* _WORK ITEM_
Keep the images out and set the listing below down word for word.

* _DATASET EXTRACT_
· · ·

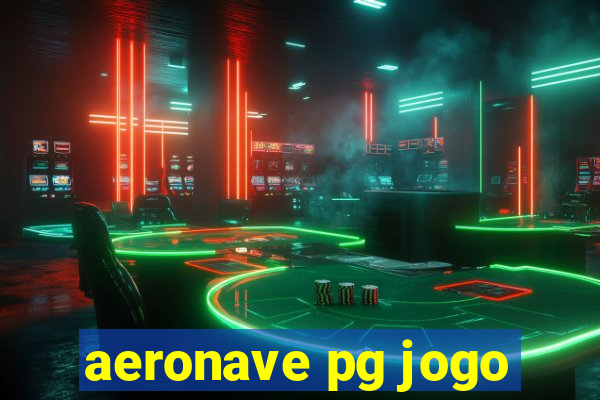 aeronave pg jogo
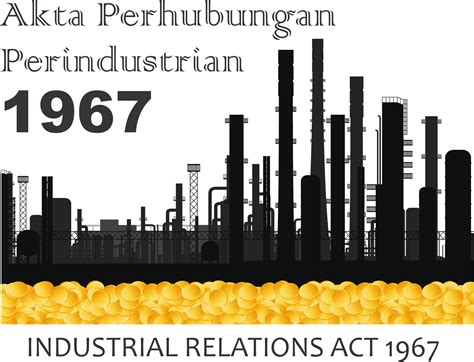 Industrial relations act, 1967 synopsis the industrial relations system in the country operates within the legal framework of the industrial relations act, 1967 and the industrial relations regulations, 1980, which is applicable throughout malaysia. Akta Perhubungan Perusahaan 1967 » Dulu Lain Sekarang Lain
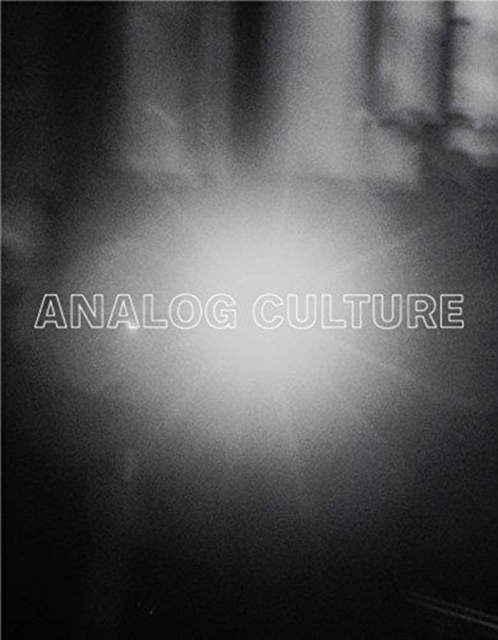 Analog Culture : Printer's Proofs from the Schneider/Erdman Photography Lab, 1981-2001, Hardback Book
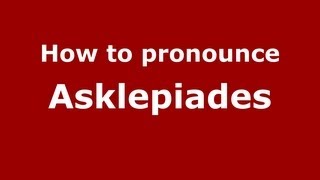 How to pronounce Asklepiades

· · ·

* _RESULT BELOW_
 aeronave pg jogo
 Industrial relations act, 1967 synopsis the industrial relations system in the country operates within the legal framework of the industrial relations act, 1967 and the industrial relations regulations, 1980, which is applicable throughout malaysia. Akta Perhubungan Perusahaan 1967 » Dulu Lain Sekarang Lain
 Analog Culture : Printer's Proofs from the Schneider/Erdman Photography Lab, 1981-2001, Hardback Book
 How to pronounce Asklepiades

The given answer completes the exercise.